**Task:**
The lines below, from the one holding "Georgie Maxi Dress - Burgundy" through the one holding "Vintage classical hardcore sex art", are to be restated word for word, with all images left out.

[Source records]

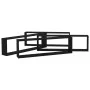 Estantes cubo de pared 4 uds contrachapado negro 100x15x30 cm de vidaXL, Estantes y estanterías - Ref: Foro24-807083, Precio:...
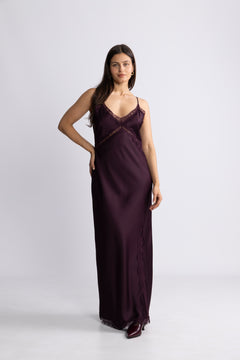 Georgie Maxi Dress - Burgundy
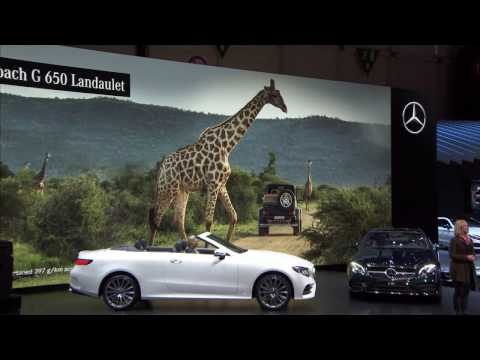 Presentation Mercedes-Benz E-Class Family E400 4MATIC Cabrio at the Geneva Motor Show 2017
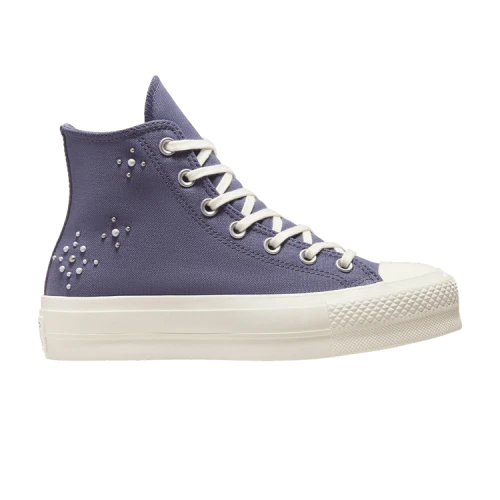 Converse Chuck Taylor All Star Lift Platform High 'Pearls & Studs - Lavender Ash' (Women's)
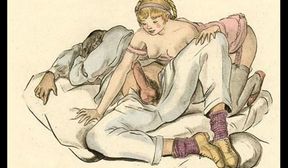 Vintage classical hardcore sex art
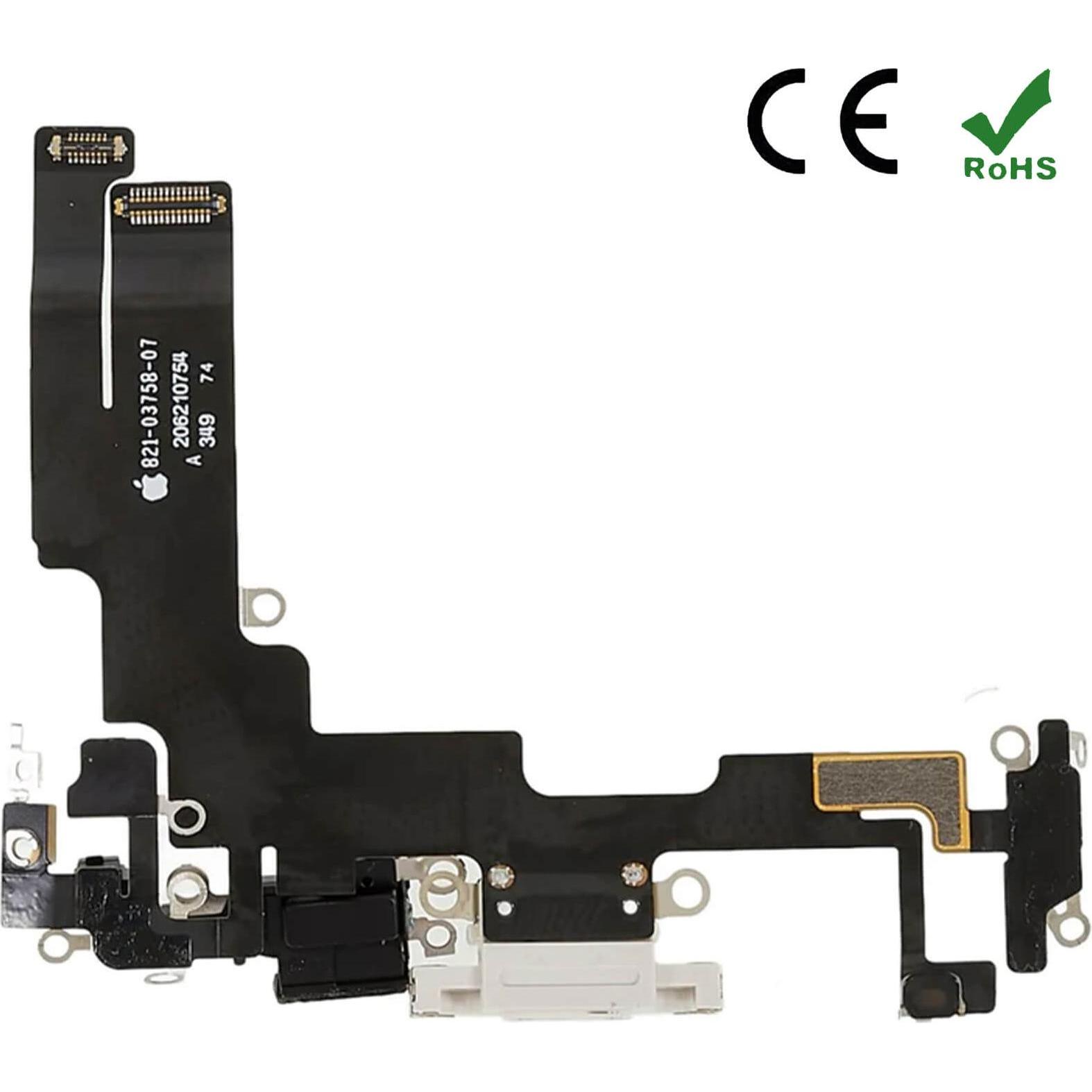 Clappio Ersatzteil Lightning Ladebuchse (iPhone 14), Mobilgerät Ersatzteile, Schwarz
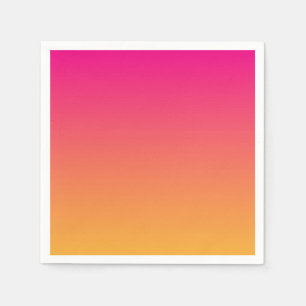 Pink and orange gradient napkin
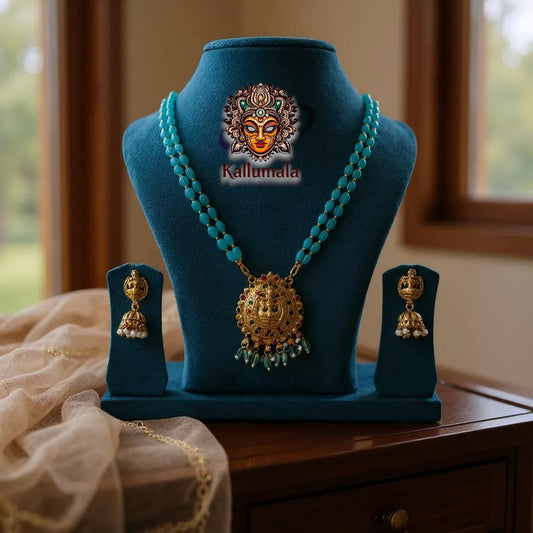Lakshmi Pearl Necklace – Onam Collection 2025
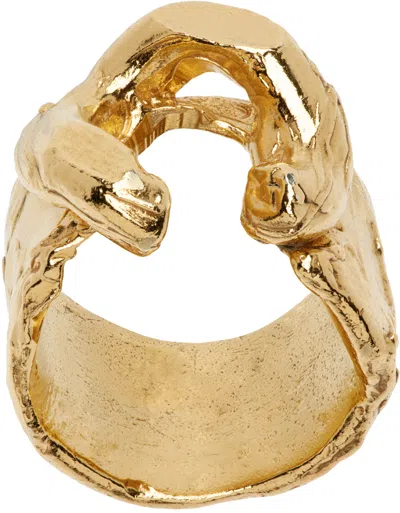 Alighieri Gold 'the Flashback' Ring In 24kt Gold Plated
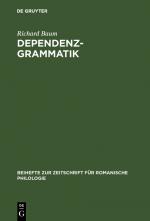 Cover-Bild Dependenzgrammatik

**The answer:**
 Georgie Maxi Dress - Burgundy
 Presentation Mercedes-Benz E-Class Family E400 4MATIC Cabrio at the Geneva Motor Show 2017
 Converse Chuck Taylor All Star Lift Platform High 'Pearls & Studs - Lavender Ash' (Women's)
 Vintage classical hardcore sex art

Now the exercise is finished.